Le soulèvement birman de 2021 contre la junte a ceci de particulier que nous vivons quasiment en direct le décompte des morts, des blessés et des arrestations. Des images de plus en plus insoutenables circulent sur les réseaux sociaux, montrant la barbarie de la junte et de ses hommes en armes, qui s’acharnent avec une violence inouïe sur des innocents en toute impunité.
Dimanche dernier, l’adolescent qui s’était posté devant les bureaux de l’Onu à Yangon la semaine passée pour implorer de l’aide a été tué. D’autres sont morts depuis et bientôt nous ne serons malheureusement plus en mesure de compter les morts (des dizaines), les blessés (des centaines) et les interpellés (plus d’un millier), dont on risque ensuite d’être sans nouvelles.
Face à la répression qui s’abat sur le mouvement de désobéissance civile, les condamnations internationales se multiplient mais n’ont aucun impact sur la junte, qui se moque de notre consternation. Son mépris de la vie humaine n’a que faire de considérations morales ou légales. Le « we are watching » finit par sonner creux.
La population birmane doit se sentir bien seule, comme ses persécutés l’ont toujours été face à la répression des militaires birmans. Si ses attentes vis-à-vis de la communauté internationale sont sans doute trop fortes, l’aptitude ou la volonté de celle-ci à faire levier est trop faible.
Plus d’un mois après le coup de force du 1er février, aucun Etat, aucune organisation – internationale ou régionale – n’a été en mesure d’infléchir le cours des événements. Le Conseil de sécurité de l’Onu reste jusqu’à nouvel ordre paralysé par les vetos russe et chinois et on se demande encore si l’ASEAN, regroupement à dominante économique, finira (ou certains de ses membres) par faire levier sur la junte. Les Etats-Unis et Londres ont au moins décidé de sanctions, même si elles ne vont pas encore assez loin. Quant à l’Union européenne, elle annonce des mesures à prendre, mais tarde à les adopter.
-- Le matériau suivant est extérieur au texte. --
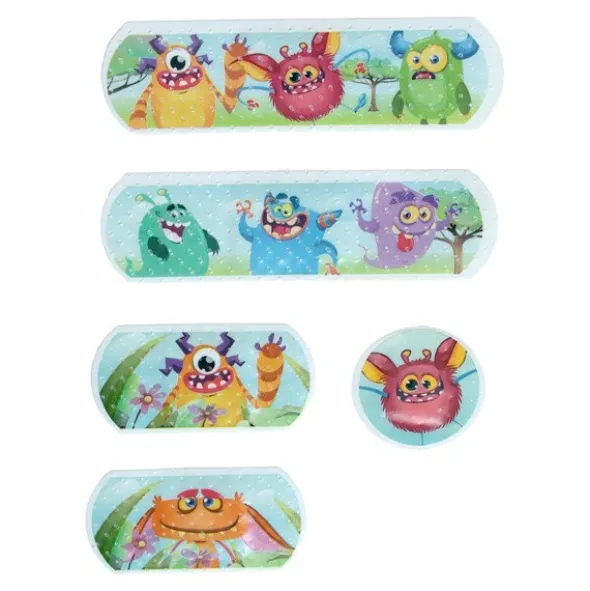 Velpeau Kids Monsters pansements pour enfant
On peine à comprendre tous les ressorts de cet attentisme.
Pourtant, la répression qui s’accroît depuis dimanche, devenue « Bloody Sunday » sur les réseaux sociaux, suivie d’un « Bloody Wednesday », appelle des actes, précis et ciblés, clairement identifiés par la société civile. Le mouvement de désobéissance civile doit être relayé, appuyé et soutenu sur le terrain, comme y exhorte notamment l’ONG Burma Human Rights Network [1] qui appelle à un soutien direct du mouvement. Les intérêts économiques de la junte doivent faire l’objet d’une attaque concertée et mondiale et ses crimes jugés devant une juridiction internationale.
Encore combien de morts pour que la communauté internationale agisse ? En Birmanie, poser cette question expose à la mort.